32 Jamais un étranger ╵n’a dû coucher dehors,
j’ouvrais toujours ma porte ╵au voyageur.
33 Ai-je caché ╵mes péchés comme Adam[m],
afin d’enfouir ╵mes fautes en moi-même ?
34 Parce que j’avais peur ╵de l’opinion des foules,
ou bien par crainte ╵du mépris des familles,
suis-je resté muet, ╵n’osant franchir ma porte ?

35 Ah ! si j’avais quelqu’un ╵qui veuille m’écouter !
Voilà mon dernier mot[n].
Que le Dieu tout-puissant ╵me donne sa réponse.
Quant à l’acte d’accusation ╵rédigé par mon adversaire,
36 je le mettrais sur mon épaule[o],
je m’en ceindrais le front ╵comme d’un diadème.
37 Et je lui rendrais compte ╵de chacun de mes actes,
j’avancerais vers lui ╵aussi digne qu’un prince.

38 Si mes terres m’ont accusé,
si j’ai fait pleurer leurs sillons,
39 si j’ai joui de leurs produits ╵sans les avoir payés,
et si j’ai opprimé ╵ceux qui s’en occupaient,
40 alors qu’au lieu de blé, ╵il y pousse des ronces,
et des orties ╵à la place de l’orge.

C’est ici que finissent les paroles de Job.

Footnotes

  1. 30.4 Cette herbe salée est parfois identifiée à l’arroche qui pousse sur les rives de la mer Morte.
  2. 30.5 A cause des méfaits qu’ils ont commis.
  3. 30.12 Autre traduction : Ces gamins.
  4. 30.12 Pour accuser Job.
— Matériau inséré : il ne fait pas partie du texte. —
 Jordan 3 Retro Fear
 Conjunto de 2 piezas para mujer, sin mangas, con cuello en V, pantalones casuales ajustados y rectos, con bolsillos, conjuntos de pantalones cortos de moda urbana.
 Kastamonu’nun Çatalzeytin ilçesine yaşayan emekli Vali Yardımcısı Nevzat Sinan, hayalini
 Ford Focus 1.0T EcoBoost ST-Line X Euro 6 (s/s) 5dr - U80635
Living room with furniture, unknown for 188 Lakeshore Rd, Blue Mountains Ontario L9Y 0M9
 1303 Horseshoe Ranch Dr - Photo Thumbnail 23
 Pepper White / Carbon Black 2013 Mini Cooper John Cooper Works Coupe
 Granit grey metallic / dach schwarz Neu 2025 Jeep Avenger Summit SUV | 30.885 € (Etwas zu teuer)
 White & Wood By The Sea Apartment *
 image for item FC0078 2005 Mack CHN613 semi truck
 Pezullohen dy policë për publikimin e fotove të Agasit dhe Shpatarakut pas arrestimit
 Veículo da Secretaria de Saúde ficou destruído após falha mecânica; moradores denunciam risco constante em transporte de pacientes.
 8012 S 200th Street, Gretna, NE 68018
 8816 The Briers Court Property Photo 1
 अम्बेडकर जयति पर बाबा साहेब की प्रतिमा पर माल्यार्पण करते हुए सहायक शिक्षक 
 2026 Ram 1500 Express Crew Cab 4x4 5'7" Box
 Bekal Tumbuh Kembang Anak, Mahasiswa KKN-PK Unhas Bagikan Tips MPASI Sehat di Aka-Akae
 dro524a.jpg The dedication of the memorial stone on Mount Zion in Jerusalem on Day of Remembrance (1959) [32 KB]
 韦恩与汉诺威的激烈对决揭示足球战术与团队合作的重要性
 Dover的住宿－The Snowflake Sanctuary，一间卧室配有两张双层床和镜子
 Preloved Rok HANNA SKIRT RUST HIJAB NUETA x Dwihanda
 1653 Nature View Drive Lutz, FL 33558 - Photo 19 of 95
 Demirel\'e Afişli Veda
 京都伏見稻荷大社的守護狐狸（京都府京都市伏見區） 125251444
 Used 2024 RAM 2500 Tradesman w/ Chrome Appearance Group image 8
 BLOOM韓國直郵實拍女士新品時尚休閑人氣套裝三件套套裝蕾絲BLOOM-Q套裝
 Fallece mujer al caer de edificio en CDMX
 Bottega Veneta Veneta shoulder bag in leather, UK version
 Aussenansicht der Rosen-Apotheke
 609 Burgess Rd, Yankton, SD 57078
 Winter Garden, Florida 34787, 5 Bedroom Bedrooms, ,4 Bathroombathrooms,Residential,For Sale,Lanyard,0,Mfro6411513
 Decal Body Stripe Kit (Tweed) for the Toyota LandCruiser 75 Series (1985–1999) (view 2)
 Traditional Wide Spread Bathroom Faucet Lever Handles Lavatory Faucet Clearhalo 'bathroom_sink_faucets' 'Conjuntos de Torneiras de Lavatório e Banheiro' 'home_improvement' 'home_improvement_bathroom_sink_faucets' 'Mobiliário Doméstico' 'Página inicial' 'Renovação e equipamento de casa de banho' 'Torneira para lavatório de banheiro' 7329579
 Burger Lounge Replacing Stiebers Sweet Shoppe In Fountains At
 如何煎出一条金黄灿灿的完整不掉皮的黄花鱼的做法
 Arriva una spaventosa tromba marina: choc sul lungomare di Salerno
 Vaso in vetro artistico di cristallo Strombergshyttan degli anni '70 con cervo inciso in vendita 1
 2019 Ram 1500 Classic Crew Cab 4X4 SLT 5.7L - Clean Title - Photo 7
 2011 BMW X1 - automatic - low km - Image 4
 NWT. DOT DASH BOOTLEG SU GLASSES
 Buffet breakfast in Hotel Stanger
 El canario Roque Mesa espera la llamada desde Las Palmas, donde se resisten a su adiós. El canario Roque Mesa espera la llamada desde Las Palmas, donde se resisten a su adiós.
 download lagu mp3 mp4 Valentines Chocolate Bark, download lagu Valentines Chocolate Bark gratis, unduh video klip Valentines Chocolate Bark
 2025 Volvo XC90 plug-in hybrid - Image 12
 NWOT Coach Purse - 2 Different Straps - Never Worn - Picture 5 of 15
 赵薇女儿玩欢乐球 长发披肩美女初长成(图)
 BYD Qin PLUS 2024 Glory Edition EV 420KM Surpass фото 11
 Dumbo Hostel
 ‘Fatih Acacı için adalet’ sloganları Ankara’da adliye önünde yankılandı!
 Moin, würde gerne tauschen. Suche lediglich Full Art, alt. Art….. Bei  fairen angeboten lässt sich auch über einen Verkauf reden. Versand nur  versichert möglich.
L’accusateur se place à la droite de l’accusé au tribunal (Ps 109.6 ; Za 3.1).
  5. 30.16 Autre traduction : je me lamente sur moi-même.
  6. 30.17 mes nerfs: autre traduction : mes douleurs.
  7. 30.18 il s’agrippe à mon vêtement: d’après l’ancienne version grecque ; le texte hébreu traditionnel a : Dieu devient pour moi comme un vêtement.
  8. 30.29 En faisant entendre des cris qui ressemblent à ceux de ces animaux ; même image en Mi 1.8.
  9. 31.7 Voir Mt 5.28.
  10. 31.10 Travail des esclaves (Ex 11.5 ; Es 47.2).
  11. 31.27 Geste exprimant la vénération et l’adoration (1 R 19.18 ; Ps 2.12 ; Os 13.2). L’adoration des corps célestes était une forme très ancienne de l’idolâtrie, interdite par la Loi (Dt 4.19 ; 17.3 ; voir Ez 8.16-17).
  12. 31.29 Voir Ex 23.4-5 ; Mt 5.43-47.
  13. 31.33 Autre traduction : comme les hommes.
  14. 31.35 Littéralement : mon tav, dernière lettre de l’alphabet hébreu. Cette lettre, en forme de croix, servait de signature à ceux qui ne savaient pas écrire, d’où l’autre sens suggéré par certains traducteurs : voilà ma signature, c’est-à-dire : je persiste et je signe.
  15. 31.36 Parfois on portait des déclarations sur l’épaule pour en rappeler l’importance (voir Ex 28.12).